From ee3c5001bdbf96a2de636187d8ad1903cd32a60f Mon Sep 17 00:00:00 2001
From: Daniel <danwip@hotmail.com>
Date: Sun, 20 Oct 2024 12:24:18 +0200
Subject: [PATCH] added information on how to best approach register assignment

---
 package/src/Transpiler.jl | 18 ++++++++++++++++++
 1 file changed, 18 insertions(+)

diff --git a/package/src/Transpiler.jl b/package/src/Transpiler.jl
index 029a3d5..983c301 100644
--- a/package/src/Transpiler.jl
+++ b/package/src/Transpiler.jl
@@ -78,6 +78,24 @@ function culoadtest(N::Int32, op = "add.f32")
 		@time CUDA.@sync cudacall(func, Tuple{CuPtr{Cfloat},CuPtr{Cfloat},CuPtr{Cfloat},Cint}, d_a, d_b, d_c, N; threads=threadsPerBlock, blocks=blocksPerGrid)
 end
 
+# Number of threads per block/SM + max number of registers
+# https://docs.nvidia.com/cuda/cuda-c-programming-guide/#features-and-technical-specifications
+# Need to assume a max of 2048 threads per Streaming Multiprocessor (SM)

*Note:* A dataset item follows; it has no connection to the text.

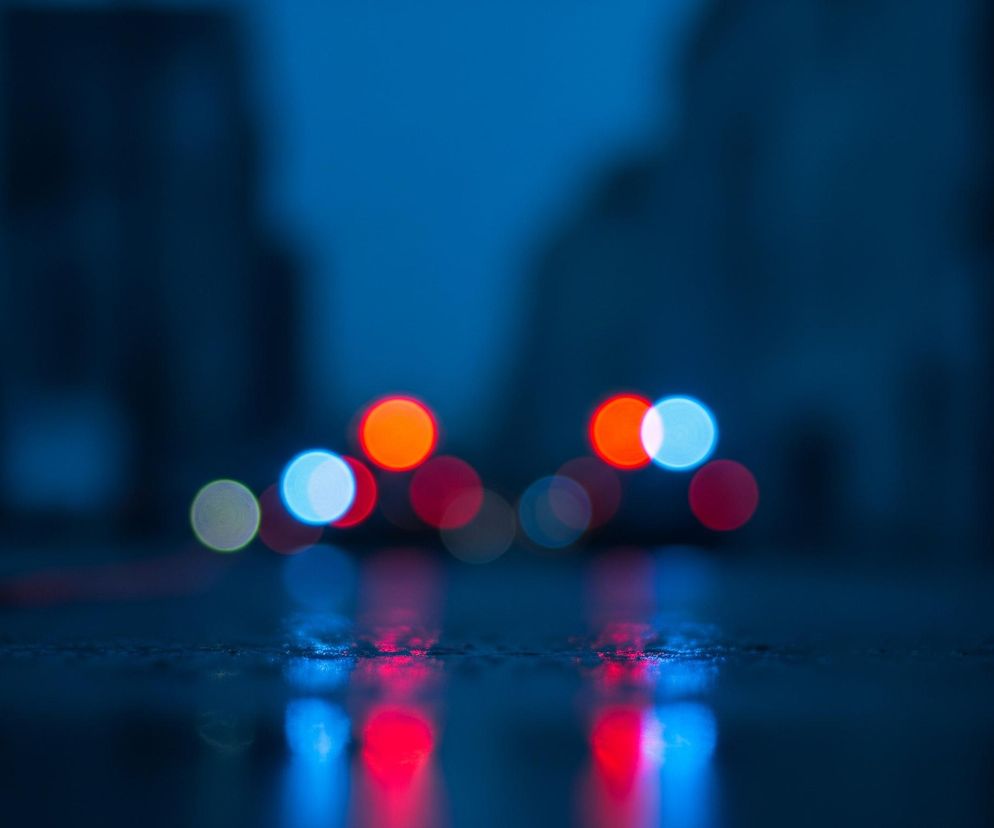 W centralnej części obrazu widoczne są rozmyte, okrągłe światła o barwach czerwonej, pomarańczowej, niebieskiej i jasnozielonej, tworzące efekt bokeh. Światła te odbijają się od mokrej, ciemnej powierzchni, tworząc jaśniejsze, pionowe refleksy w dolnej części kadru. Tło, głęboko niebieskie, ukazuje rozmyte, ciemne kształty, sugerujące sylwetki budynków.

+# One SM can have 64*1024 32-bit registers at max
+# One thread can at max use 255 registers
+# Meaning one has access to at most 32 registers in the worst case. Using 64 bit values this number gets halfed (see: https://docs.nvidia.com/cuda/cuda-c-programming-guide/#multiprocessor-level (almost at the end of the linked section))
+
+# I think I will go with max 16 registers for now and leave a better register allocation technique for future work
+# Maybe helpful for future tuning: https://docs.nvidia.com/cuda/cuda-c-programming-guide/#maximum-number-of-registers-per-thread
+
+# https://docs.nvidia.com/cuda/cuda-c-programming-guide/#multiprocessor-level
+# This states, that using fewer registers allows more threads to reside on a single SM which improves performance. 
+# So I could use more registers at the expense for performance. Depending on how this would simplify my algorithm, I might do this and leave more optimisation to future work
+
+# Since the generated expressions should have between 10 and 50 symbols, I think allowing a max. of 128 32-bit registers should make for an easy algorithm. If during testing the result is slow, maybe try reducing the number of registers and perform more intelligent allocation/assignment
+# With 128 Registers, one could have 32 Warps on one SM ((128 * 16 = 2048) * 32 == 64*1024 == max number of registers per SM) This means 512 Threads per SM in the worst case
+
+
 const exitJumpLocationMarker = "\$L__BB0_2"
 function transpile(expression::ExpressionProcessing.PostfixType)
 	ptxBuffer = IOBuffer()